The theater was the perfect venue for a show about the struggles of people who have to live in the city for their entire lives. With only this much set in place, it seemed like it would be impossible to get it wrong.
We had no idea what happened in the next few years. It wasn’t until late 2017 that we finally saw a show about the urbanite, and we were completely shocked by the success it had.
After having our tickets bought, we were asked if we wanted to go to the theater.
“Great! Here, I’ll help you get some tickets.
“Yeah, no, I’ll take what I can get, thanks.
This was not the response we’d hoped for. It seemed like the response was to not get tickets, but for us to “be careful and check with the landlord.
The next month, we watched as the company was canceled and a new show was announced. It was, of course, the “Performance Series” that we wanted to get in on. We checked out that show, and saw that it was not what we had hoped.
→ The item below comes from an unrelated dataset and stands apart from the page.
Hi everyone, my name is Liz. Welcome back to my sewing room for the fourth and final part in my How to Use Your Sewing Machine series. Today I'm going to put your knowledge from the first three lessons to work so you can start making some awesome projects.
We were left to wonder if we were getting what we paid for.
The Rise and Fall of the Urbanite Theatre.
The Urbanite Theater, Chicago.
Author(s): Charles J.
Title: The Rise and Fall of the Urbanite Theatre.
Editor: Andrew E.
Series Category(s): Theatre, Arts & Cultures.
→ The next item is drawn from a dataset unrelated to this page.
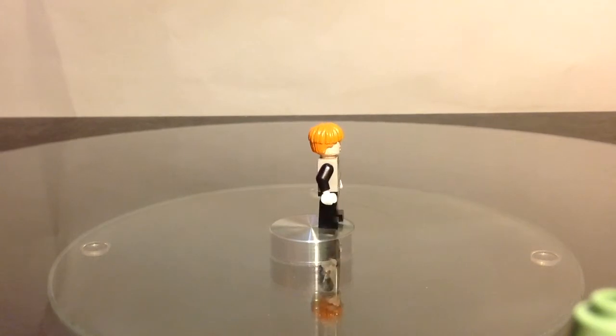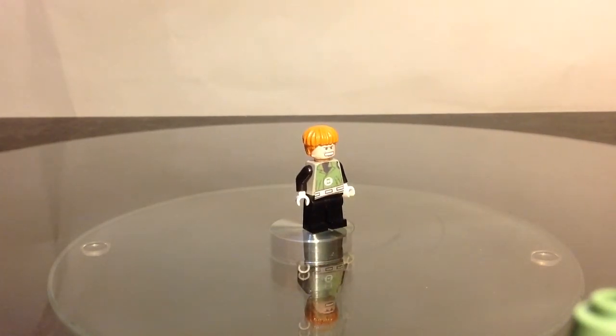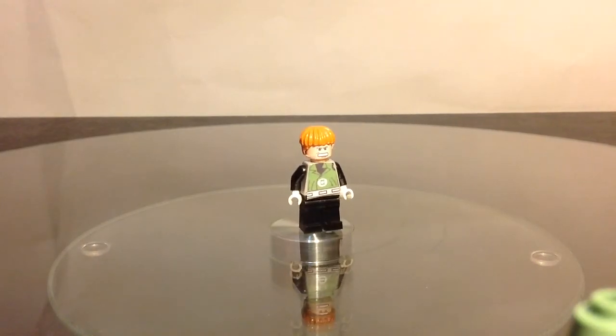And then black legs. It was very fun, very easy. I could've put a green translucent stud on, but I couldn't find any at the moment, so that still looks alright.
Editorial Reviews: This volume presents a rich history of the development of the dramatic arts in Chicago and illustrates the diversity of styles and genres in both past and present productions ranging from the vaudeville-ish variety to the modernist plays such as “The Old Curiosity Shop” to the musical, “The Music Man. ” The author provides a thorough history of the theater industry, giving a historical perspective of the development and growth of Chicago, a city on the cutting edge of the theater world. While the focus of the book is on the city’s history and development, the emphasis is on the history of what is today the nation’s second-largest professional theater district, and how these theaters began and were established here. The book also gives a detailed account about the founding of the City Opera, a theater that is now one of the leading companies in the nation. The author discusses at length the production of the various works, giving an overview of the history of the movement through theater history. The production history of the city’s professional theater, presented in the context of the history of the city itself was one of the highlights of the book. While the book would have benefited by a greater depth of history, it is still a well-written overview of Chicago’s theater history, both on stage as well as in the production world, and one that is of interest to anyone who has researched the history of any of the city’s theaters.
Booklist: Chicago Plays.
Rating: 4, 5 stars.
“Cleveland’s own Urbanite Theater is an entertaining history of Chicago’s theater life. Johnson’s book is a well-researched, entertaining, and fascinating narrative of the history of the City of Chicago. Watson, III, Professor of History, University of Wisconsin–Oshkosh.
Tips of the Day in Programming
This is a guest post from Alex Oleynik, who is now the VP of Engineering at Quercus Technologies, a leader in data science, machine learning, and data visualization technology. Alex is a member of the Quercus Data Science Community, and enjoys sharing his knowledge with the world.
Type systems were first introduced by the late type-systems pioneer Alex Woolfson in his book The Pragmatic Programmer, although that book was primarily about type systems as a programming language feature, rather than a part of a type system itself. Recently, the book has been out of print and recently updated for a new edition, which I have reviewed recently.
Type systems are a collection of language features that help you design a type system. It goes much deeper than that. Type systems are a set of language features that allow you to write programs that conform to a type system rather than rely on an implementation detail like whether a data type is immutable or mutable.